I have a lot of old movies, most will barely be 720p.

I ripped them off DVDs with MakeMKV and have sometimes 7GB files for 1,5h.

I want to convert them to something below 300MB, I often see more modern torrented movies below that size, so this should totally be possible.

They will only ever be played with VLC (Windows) or Celluloid/MPV (Linux) with hardware decoding.

But what codec to use? h264 and h265 are nonfree, arent they? But Videolan has some free variant of it and Cisco also offers their free version for h264?

Never heard of VP8 and VP9. Then there is AV1 but that seems to only have “264K 360° Surround sound 3D VR” options.

Man I just want to encode normal movies 🥲

What about webm? That is under “web” but probably also good?

I suppose I should use h264 for compatibility, but the web stuff will also be compatible.

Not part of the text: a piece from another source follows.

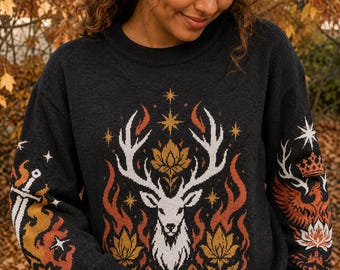 To Whatever End Knitted Sweater, Throne of Glass Fireheart Jacquard Jumper, Terrasen Stag Bookish Gift, Sarah J Maas Fantasy Reader Knitwear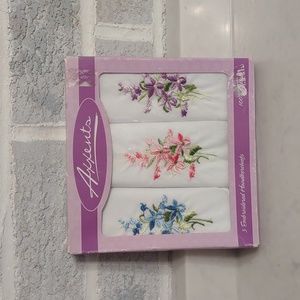 Axxents 100% Cotton Blue, Pink and Purple Floral Embroidered Handkerchiefs New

I would like the best and fanciest algorithms to have least dataloss.

Also, what to use for the audio? I think opus is best.

Thanks!

  • @[email protected]
    link
    fedilink
    2
    edit-2
    6 months ago

    I usually go for VP9 and opus in a webm container. This is widely supported, because it is Google sponsored, used on YouTube and supported by all browsers. As other people told you here, DVD are not 720p, they are 480 or 576 interlaced or progressive. You can find more details on Wikipedia.

    AV1 is the best compressing standard for video, but it is slower in encoding than HEVC (usually). VP9 is the predecessor, which is compresses better than AVC and comes close to HEVC. Speed wise is comparable to x265.

    Opus is the best audio standard, the only reason you may want to avoid it is for incompatibilities with older hardware players (in car radios, BluRay players,…).